Para eso están los fiscales. Un fiscal defiende con independencia la legalidad y el interés de todos los ciudadanos cuando presuntamente se han cometido delitos que denotan la ausencia de la declamada lealtad (al pueblo) y patriotismo.
Por eso, quien al jurar invitó a que la patria le demande una presunta claudicación, debe estar agradecido. En efecto, con el proceso penal el sistema democrático se autoprotege y lleva al terreno de lo objetivo aquellos asuntos espinosos que a los medios de prensa les cuesta tratar con independencia; a veces la logran, otras no. Es natural que un político despierte pasiones en sus seguidores y animadversión en otros. La prensa no es ajena a ese fenómeno, claro. Pero ello ha de darse, preponderantemente, en el terreno del obrar político. En otros terrenos, como el penal, corresponde que la objetividad sea el faro rector. La corrupción, dijo un presidente a finales de los ochenta, debería considerarse un acto de traición a la patria.
Pero, por lo que se va observando, no es común que el político cuestionado agradezca el obrar de los fiscales de la Nación. Más bien por el contrario.
Cuando la persona siente incluso un grado de heroicidad pese a los comportamientos imputados
Luis Jiménez de Asúa fue un gran republicano y uno de los más grandes penalistas del siglo XX; enseñó muchos años en las facultades de Derecho de La Plata y Buenos Aires (y en otras). Se exilió en Argentina con motivo de la Guerra Civil Española y escribió un tratado de Derecho Penal de 10 tomos bajo el título de El criminalista. Lo traigo a colación por dos pensamientos suyos. El primero: en él pasa revista a la curiosa e inquietante figura del “criminal político fanático” (siguiendo para ello a Antonio Quintano Ripollés en su atractivo ensayo: La criminología en la literatura universal: ensayo de propedéutica biológico-criminal sobre fuentes literarias). El segundo: cita más de una vez a Miguel de Unamuno cuando alude -y esto es lo que me interesa- a la percepción de lo que somos. Así distingue entre el que creemos ser, el que los demás creen que somos y el que realmente somos. Esta triple perspectiva es útil cuando la pasión inunda el terreno de las percepciones de un gobernante y del pueblo que lo observa con desigual indulgencia.

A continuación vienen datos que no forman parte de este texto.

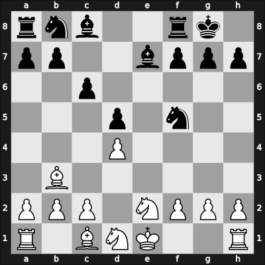 1907 Ostende II – Round 29 – Mieses, Jacques – 1/2-1/2 – Teichmann, Richard – G347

Es entonces cuando el fiscal enfrenta al acusado con las probanzas que ha recolectado en un proceso garantístico. Es momento en que la objetividad ha de ser la regla y la que guíe al proceso penal hacia la intervención del tercero e imparcial, es decir, el juez.
Fuera han de quedar las pasiones, los enconos y los fanatismos, de unos y de otros.
En definitiva, sin un fiscal no hay demanda en nombre de la patria. El fiscal representa a todos, incluso al gobernante cuestionado.